From the records below, please print only the lines from the one containing "Show Me The" through the one containing "Gilbert Stuart, Colonel", both included. Skip the pictures.

• _Listed entries_:
=== Section Start ===

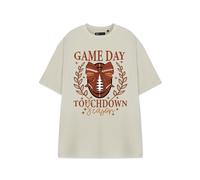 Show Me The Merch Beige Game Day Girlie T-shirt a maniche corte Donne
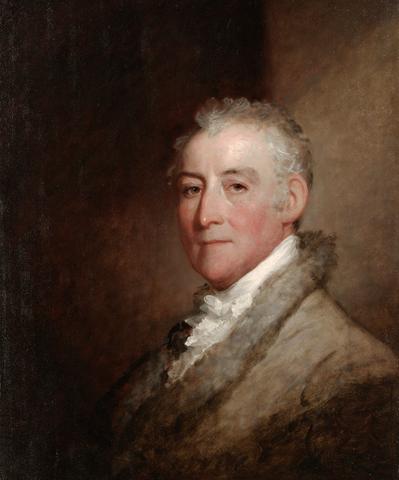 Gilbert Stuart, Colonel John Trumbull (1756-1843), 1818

=== Section End ===
=== Section Start ===

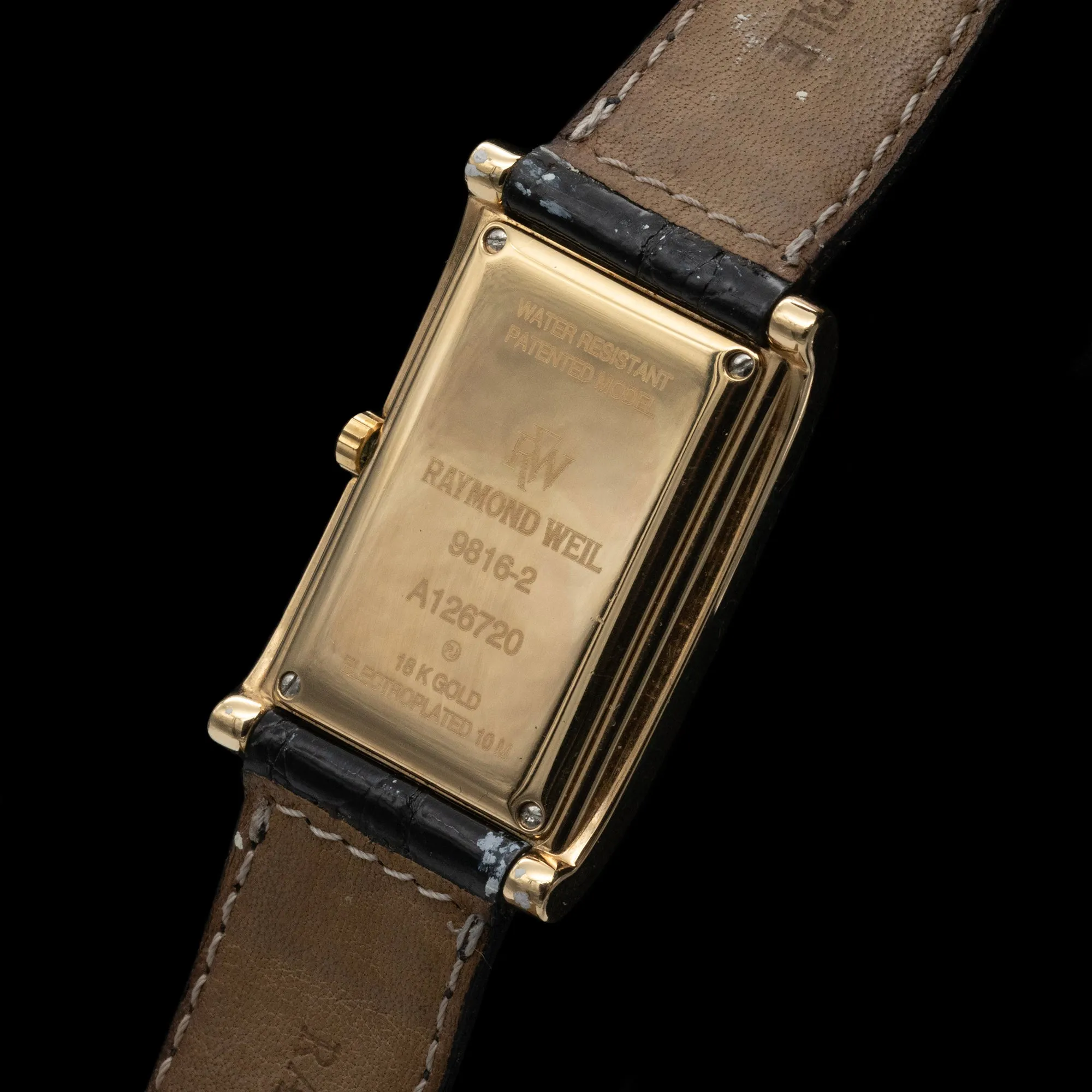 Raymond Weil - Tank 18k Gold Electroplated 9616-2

=== Section End ===

• _Exercise answer_:
 Show Me The Merch Beige Game Day Girlie T-shirt a maniche corte Donne
 Gilbert Stuart, Colonel John Trumbull (1756-1843), 1818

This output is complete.